Since an elliptic curve is isomorphic to it’s Jacobian ${Pic_E^0}$ there is a conflation that happens. In general, if you have a variety ${X/k}$ you can make the same formal group by completing this group scheme and it is called the formal Picard group of ${X}$. Although, in general you’ll want to do this with the Brauer group or higher analogues to guarantee existence and smoothness. Then you prove a remarkable fact that the elliptic curve is ordinary if and only if the formal group has height ${1}$. In particular, since the ${p}$-divisible group is connected and ${1}$-dimensional it must be isomorphic to ${\mu_{p^\infty}}$.

It might seem silly to think in these terms, but there is another “enlarged” ${p}$-divisible group attached to ${E}$ which always has height ${2}$. This is the ${p}$-divisible group you get by taking the inductive limit of the finite group schemes that are the kernel of multiplication by ${p^n}$. It is important to note that these are non-trivial group schemes even if they are “geometrically trivial” (and is the reason I didn’t just call it the “${p^n}$-torsion”). We’ll denote this in the usual way by ${E[p^\infty]}$.

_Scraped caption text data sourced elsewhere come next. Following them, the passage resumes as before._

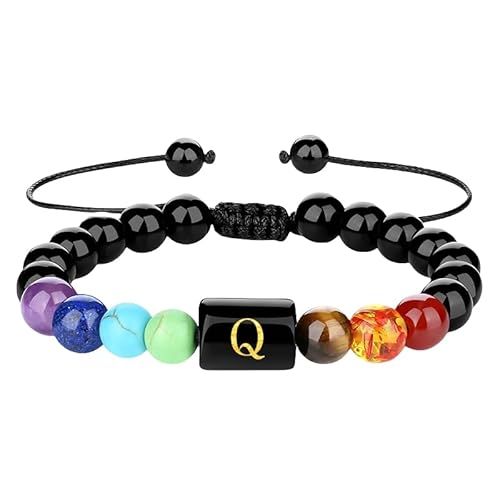 RWGSNB Kristall Armband, Herren Damen 7 Chakra Armband mit A Z Buchstaben Schwarze Obsidian Anfangsperlenarmbänder Verstellbares Geflochtenes Seil Stressabbau Natürliche Kristalle Armreifen Schmuc von RWGSNB
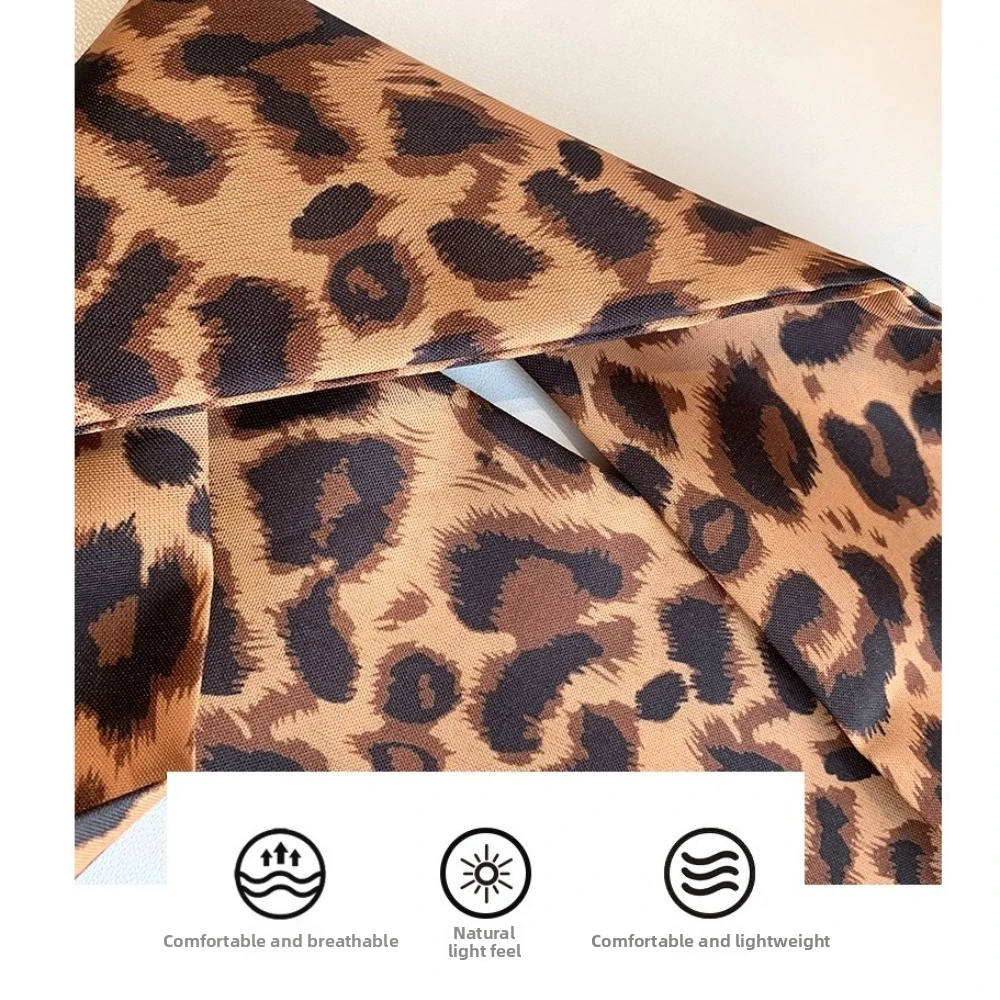 Elegant Leopard Print Slender Scarf Long Decoration Neck Scarf Thin Small Silk Scarf Neckwear/Wrist/Waistband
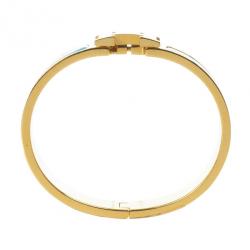 مملوكة مسبقًا Hermes Clic-Clac H Indian Blue Enameld Gold Plated Bracelet PM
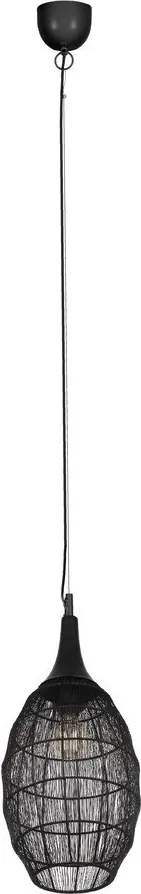 Матово черно висящо осветително тяло с метален абажур Soraya – Trio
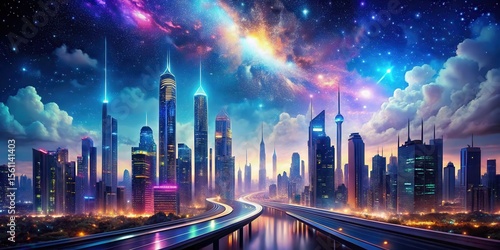 Futuristic Cityscape at Night Under a Vibrant Cosmic Sky with Elevated Highway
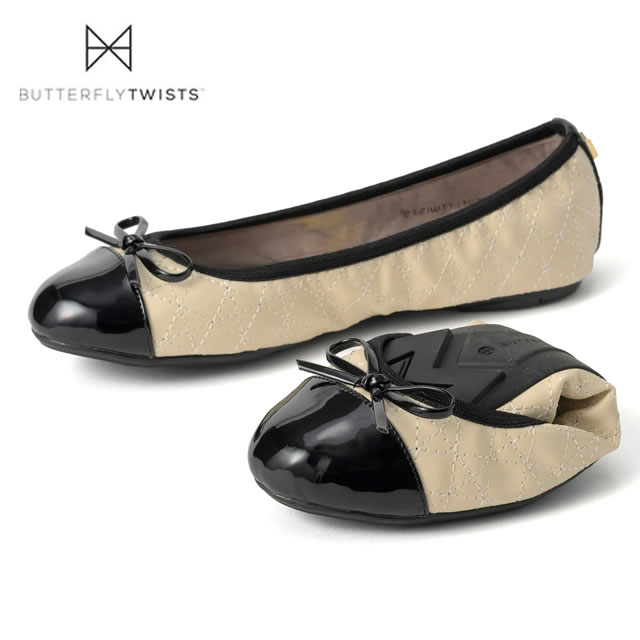 BUTTERFLY TWISTS バタフライツイスト 21036N OLIVIA オリビア CREAM/BLACK クリーム/ブラック スリッポン スリップオン靴 フラットシューズ レディース シューズ 二次会 結婚式 授業参観 入学式 卒業式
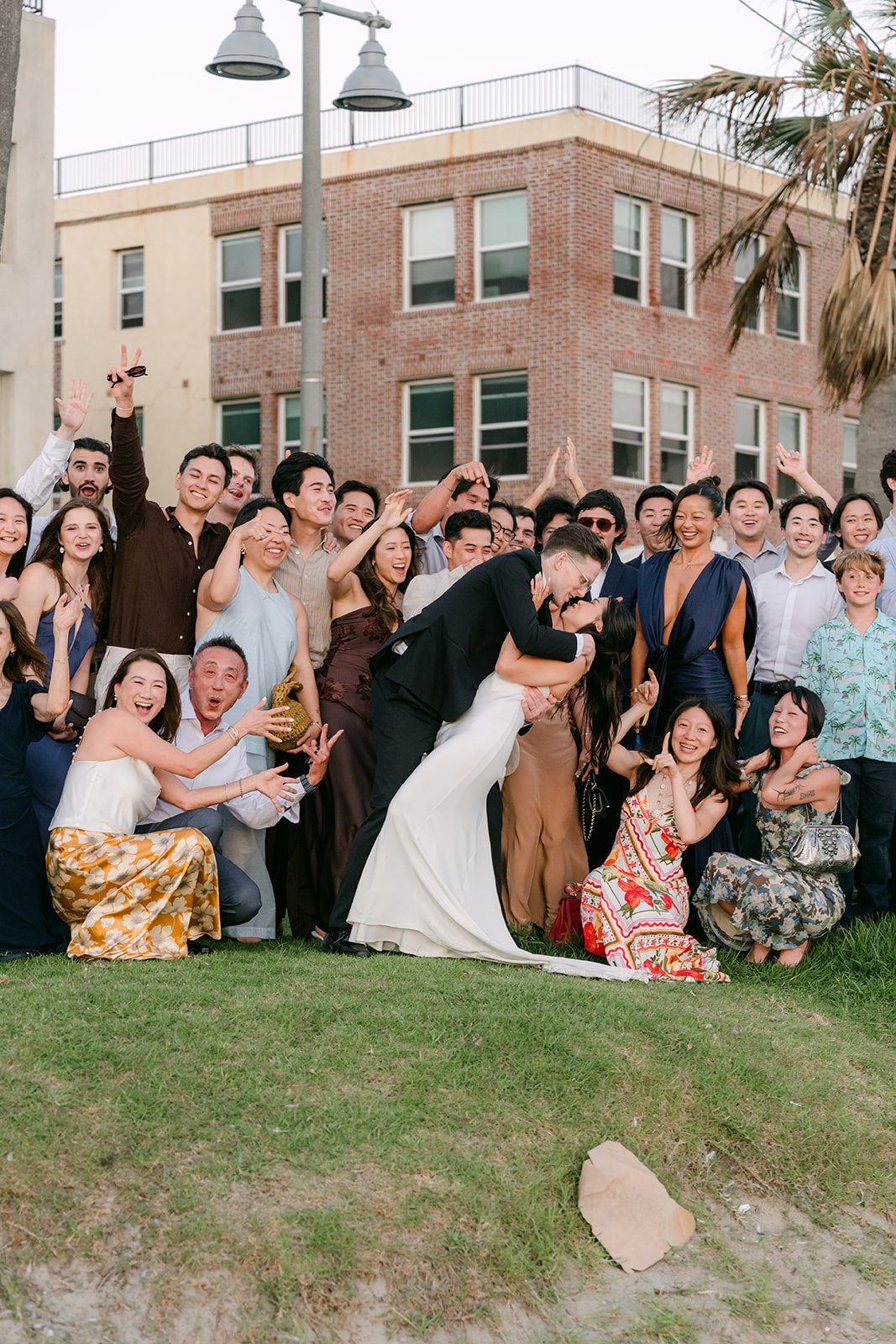 Everyone cheering for the couple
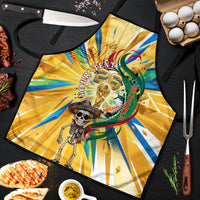 Personalized Mexico Football Victoria Sugar Skull Apron Dia De Los Muertos Cultural Art Sunburst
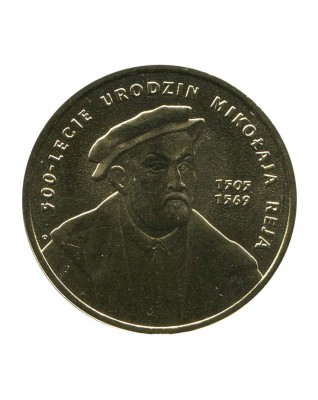 2 злотых Миколай Рей (1505 - 1569) 500 лет со дня рождения 2005 г.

I don’t really know anyone that studies elliptic curves that phrases it this way, but since this theory must be generalized in a certain way to work for other varieties like K3 surfaces I’ll point out why this should be thought of as an enlarged ${p}$-divisible group. It is another standard fact that ${E}$ is ordinary if and only if ${E[p^\infty]\simeq \mu_{p^\infty}\oplus \mathbb{Q}_p/\mathbb{Z}_p}$. In fact, you can just read off the connected-etale decomposition:

$\displaystyle 0\rightarrow \mu_{p^\infty}\rightarrow E[p^\infty] \rightarrow \mathbb{Q}_p/\mathbb{Z}_p\rightarrow 0$

We already noted that ${\widehat{E}\simeq \mu_{p^\infty}}$, so the ${p}$-divisible group ${E[p^\infty]}$ is a ${1}$-dimensional, height ${2}$ formal group whose connected component is the first one we talked about, i.e. ${E[p^\infty]}$ is an enlargement of ${\widehat{E}}$. For a general variety, this enlarged formal group can be defined, but it is a highly technical construction and would take a lot of work to check that it even exists and satisfies this property. Anyway, this enlarged group is the one we need to work with otherwise our deformation space will be too small to make the theory work.

Here’s what Serre-Tate theory is all about. If you take a deformation of your elliptic curve ${E}$ say to ${E'}$, then it turns out that ${E'[p^\infty]}$ is a deformation of the ${p}$-divisible group ${E[p^\infty]}$. Thus we have a natural map ${\gamma: Def_E \rightarrow Def_{E[p^\infty]}}$. The point of the theory is that it turns out that this map is an isomorphism (I’m still assuming ${E}$ is ordinary here). This is great news, because the deformation theory of ${p}$-divisible groups is well-understood. We know that the versal deformation of ${E[p^\infty]}$ is just ${Spf(W[[t]])}$. The deformation problem is unobstructed and everything lives in a ${1}$-dimensional family.

Of course, let’s not be silly. I’m pointing all this out because of the way in which it generalizes. We already knew this was true for elliptic curves because for any smooth, projective curve the deformations are unobstructed since the obstruction lives in ${H^2}$. Moreover, the dimension of the space of deformations is given by the dimension of ${H^1(E, \mathcal{T})}$. But for an elliptic curve ${\mathcal{T}\simeq \mathcal{O}_X}$, so by Serre duality this is one-dimensional.

On the other hand, we do get some actual information from the Serre-Tate theory isomorphism because ${Def_{E[p^\infty]}}$ carries a natural group structure. Thus an ordinary elliptic curve has a “canonical lift” to characteristic ${0}$ which comes from the deformation corresponding to the identity.